Saturday, 19 October 2019

Christmas is coming early in some Post Office branches.

My fellow-blogger White Knight has seen the FDC producers' websites where this year's Christmas stamps are already on show (from 8 October), although I can't tell you about them until the issue date.

As usual there will be eight stamps, an unnecessary gummed miniature sheet and an even more unnecessary Generic Smilers sheet - unnecessary when you remember the original reason for producing these*.  You can see the low-resolution images here, and also on the websites here and here §.

Early release
But as these images are already out there for you to look at I see no problem in passing on these pictures of stamps purchased, I assume, in Hampshire posted at the Southampton/Portsmouth/IOW mail centre.   They aren't very clear pictures, and the postmark wasn't very good to start with, so I have digitally adjusted the close-up to show the date of 17 October!  Only these six stamps were on sale - the 2nd & 1st class, and Large stamps, and the £1.35 and £1.55.



* Generic Smilers Sheets were originally produced for collectors as an almost face-value substitute for the personalised Smilers Sheets, which cost much more.  The stamps were not the same as those in counter sheets or booklets, being printed by litho rather than gravure.  Some albums have spaces for these stamps although they are not separately catalogued by Stanley Gibbons.

But now that Smilers Sheets are no longer available these are purely a money spinner, and one which costs £18.40 for a basic set costing £10, leaving seven each of the 2nd and 1st class stamps to use for postage. 

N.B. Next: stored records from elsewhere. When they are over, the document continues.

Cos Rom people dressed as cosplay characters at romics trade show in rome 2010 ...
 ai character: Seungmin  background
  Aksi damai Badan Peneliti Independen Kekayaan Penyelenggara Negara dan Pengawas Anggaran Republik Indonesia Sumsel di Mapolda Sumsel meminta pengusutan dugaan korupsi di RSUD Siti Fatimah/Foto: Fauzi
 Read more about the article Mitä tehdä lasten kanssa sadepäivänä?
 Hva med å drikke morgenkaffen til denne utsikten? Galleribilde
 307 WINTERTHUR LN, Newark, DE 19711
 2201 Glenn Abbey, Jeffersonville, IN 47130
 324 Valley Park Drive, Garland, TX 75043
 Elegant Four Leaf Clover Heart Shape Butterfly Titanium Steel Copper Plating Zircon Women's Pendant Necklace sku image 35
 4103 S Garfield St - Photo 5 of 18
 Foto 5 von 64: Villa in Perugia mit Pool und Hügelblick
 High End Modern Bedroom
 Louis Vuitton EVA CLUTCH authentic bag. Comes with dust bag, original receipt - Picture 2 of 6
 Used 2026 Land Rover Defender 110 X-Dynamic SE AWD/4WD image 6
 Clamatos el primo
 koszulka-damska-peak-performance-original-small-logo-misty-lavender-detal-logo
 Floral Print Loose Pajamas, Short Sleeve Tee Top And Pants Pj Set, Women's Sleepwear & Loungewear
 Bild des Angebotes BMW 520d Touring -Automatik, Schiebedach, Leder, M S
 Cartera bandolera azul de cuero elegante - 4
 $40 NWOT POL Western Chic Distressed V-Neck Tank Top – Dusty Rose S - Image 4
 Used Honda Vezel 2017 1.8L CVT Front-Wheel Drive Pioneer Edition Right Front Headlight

§  You will also see, on the home page of that site, a commemorative cover related to today's happenings in the UK Parliament.  It's to be hoped that not too many have been printed, for the sake of the business, as things have turned out.  Whilst commemorative and political covers have long been collected within our hobby and by social historians and ephemera/memorabilia collectors, the ones produced for events that didn't happen - like the coronation of King Edward VIII - rarely turn out to be valuable.

5 comments:

  1. As the stamps on the miniature sheet are gummed they will be easier to remove for use by stamp collectors compared to the self adhesive ones.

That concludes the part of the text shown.